Esnaf Buluşmasında, Sayın Erdoğan’dan çok önemli “Bayram” Mesajı!
Esnaf çok mühim, memleketin kahraman evlâdı.
Parayı götürüp “ranta” veya çok daha “konforlusu” faize yatırıp tıkır tıkır parayı indirmek varken (Allah muhafaza, faizin her çeşidinden!) onca riski alıp memleket evlâtlarının işine, aşına, memleketin üretimine, vergisine, sosyal güvenliğine katkıda bulunan cefakâr insan.
Çok zor iş, nefse ağır gelir; çalışacaksın, çabalayacaksın, dükkânı açık tutmanın kavgasını vereceksin, çalışanın çalışmayanın derdini çekeceksin, ekonominin genel gidişatındaki her sıkıntı önce seni vuracak, kimi vakit evine götürecek ekmek bulamayacaksın, vergisi, sigortası, bilmem ne odası, bilmem ne belediyesi, bilmem ne kesintisi, fatura, fatura, fatura…
Ömür törpüsü, ben birkaç ay “lokanta” işi deneyecek oldum, müşteri geliyor, müşteri gidiyor, paralar geliyor, paralar gidiyor…
Akşam bir bakıyorsun, cepte minibüs parası kalmamış!..

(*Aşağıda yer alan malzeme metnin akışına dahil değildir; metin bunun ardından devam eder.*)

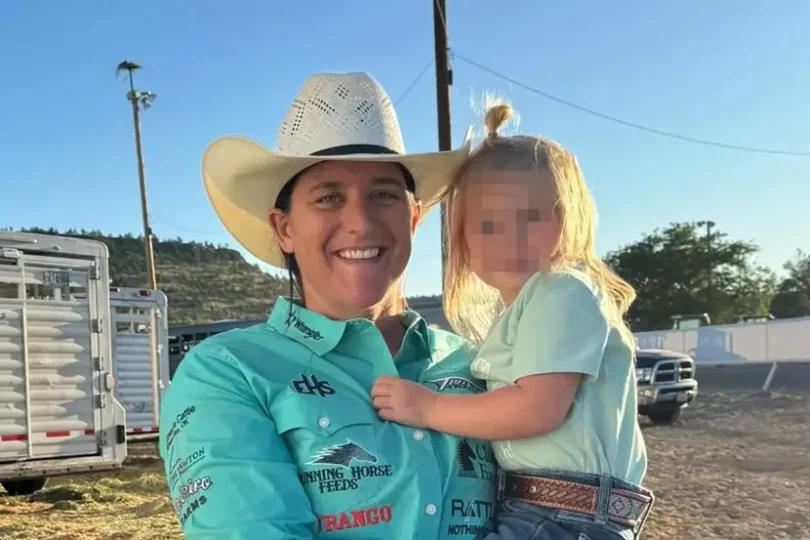 Foto: Facebook Ryan Domer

Öyle bir günde, muhasebeci arayıp da kazanmadığının hatta kaybettiğinin kesintisini istedim mi ölüyorsun!
Üç aylık bir maceranın sonunda, esnaflığın bize göre olmadığını, bu insanların ellerini ayaklarını öpmenin bir “milli görev” olduğunu anladım ve o günden bu yana esnaf meselelerine daha bir yaklaştım.
Ve bu şuurla da nice iftar daveti arasından, Esnaf ve Sanatkârları bir araya getiren programı tercih ettim.
İstanbul Yenikapı’nın Ramazan gecesi dahi ne kötü işlerin, ne kötü pazarlıkların döndüğü, gözlerin içine sokan yollarını “tabana kuvvet” aşarak Gösteri Merkezi’ne ulaştım.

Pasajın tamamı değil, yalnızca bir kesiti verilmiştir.